While using the master-slave model, care should be taken to ensure that the master does not become a bottleneck, which may happen if the tasks are too small (or the workers are relatively fast). The granularity of tasks should be chosen such that the cost of doing work dominates the cost of transferring work and the cost of synchronization. Asynchronous interaction may help overlap interaction and the computation associated with work generation by the master. It may also reduce waiting times if the nature of requests from workers is non-deterministic.

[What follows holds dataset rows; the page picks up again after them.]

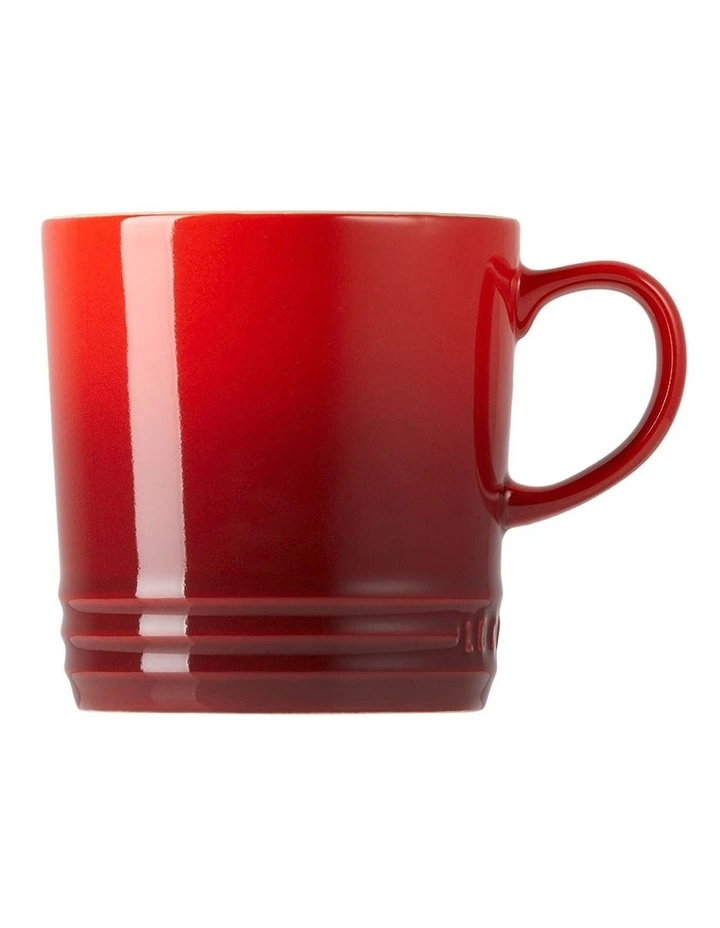 Large Mug 350ml in Cerise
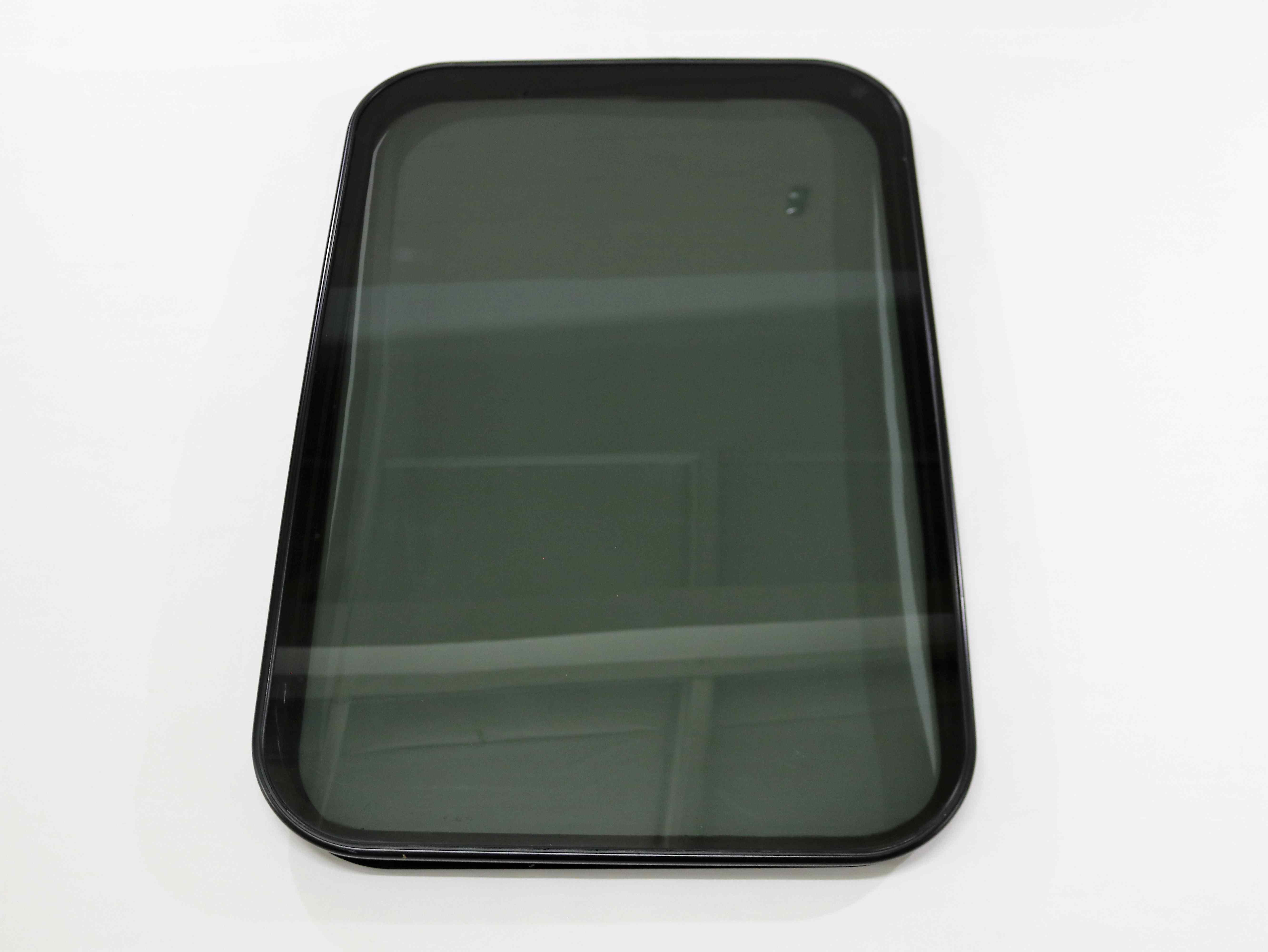 35001102 WINDOW, 24 X 36, SOLID, CONTOURED, LOW PRO WINDOW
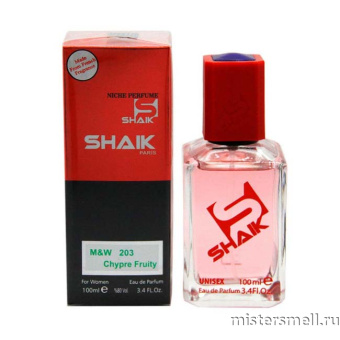 картинка Элитный парфюм 100 ml Shaik U203 Tiziana Terenzi Kirke духи от оптового интернет магазина MisterSmell
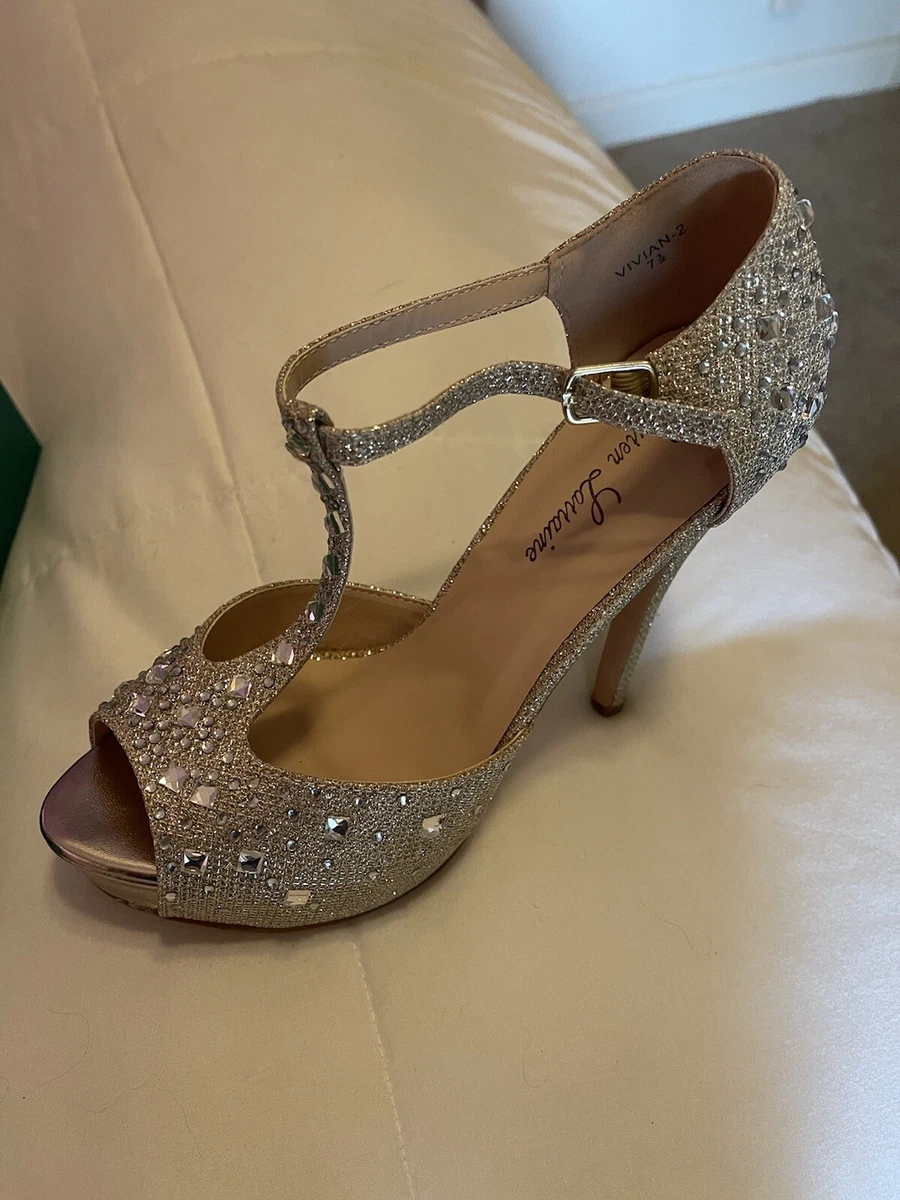 Lauren top lorraine heels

3.6.5 The Pipeline or Producer-Consumer Model
In the pipeline model, a stream of data is passed on through a succession of processes, each of which perform some task on it. This simultaneous execution of different programs on a data stream is called stream parallelism. With the exception of the process initiating the pipeline, the arrival of new data triggers the execution of a new task by a process in the pipeline. The processes could form such pipelines in the shape of linear or multidimensional arrays, trees, or general graphs with or without cycles. A pipeline is a chain of producers and consumers. Each process in the pipeline can be viewed as a consumer of a sequence of data items for the process preceding it in the pipeline and as a producer of data for the process following it in the pipeline. The pipeline does not need to be a linear chain; it can be a directed graph. The pipeline model usually involves a static mapping of tasks onto processes.
Load balancing is a function of task granularity. The larger the granularity, the longer it takes to fill up the pipeline, i.e. for the trigger produced by the first process in the chain to propagate to the last process, thereby keeping some of the processes waiting. However, too fine a granularity may increase interaction overheads because processes will need to interact to receive fresh data after smaller pieces of computation. The most common interaction reduction technique applicable to this model is overlapping interaction with computation.
An example of a two-dimensional pipeline is the parallel LU factorization algorithm, which is discussed in detail in Section 8.3.1.
3.6.6 Hybrid Models
In some cases, more than one model may be applicable to the problem at hand, resulting in a hybrid algorithm model. A hybrid model may be composed either of multiple models applied hierarchically or multiple models applied sequentially to different phases of a parallel algorithm. In some cases, an algorithm formulation may have characteristics of more than one algorithm model. For instance, data may flow in a pipelined manner in a pattern guided by a task-dependency graph. In another scenario, the major computation may be described by a task-dependency graph, but each node of the graph may represent a supertask comprising multiple subtasks that may be suitable for data-parallel or pipelined parallelism. Parallel quicksort (Sections 3.2.5 and 9.4.1) is one of the applications for which a hybrid model is ideally suited.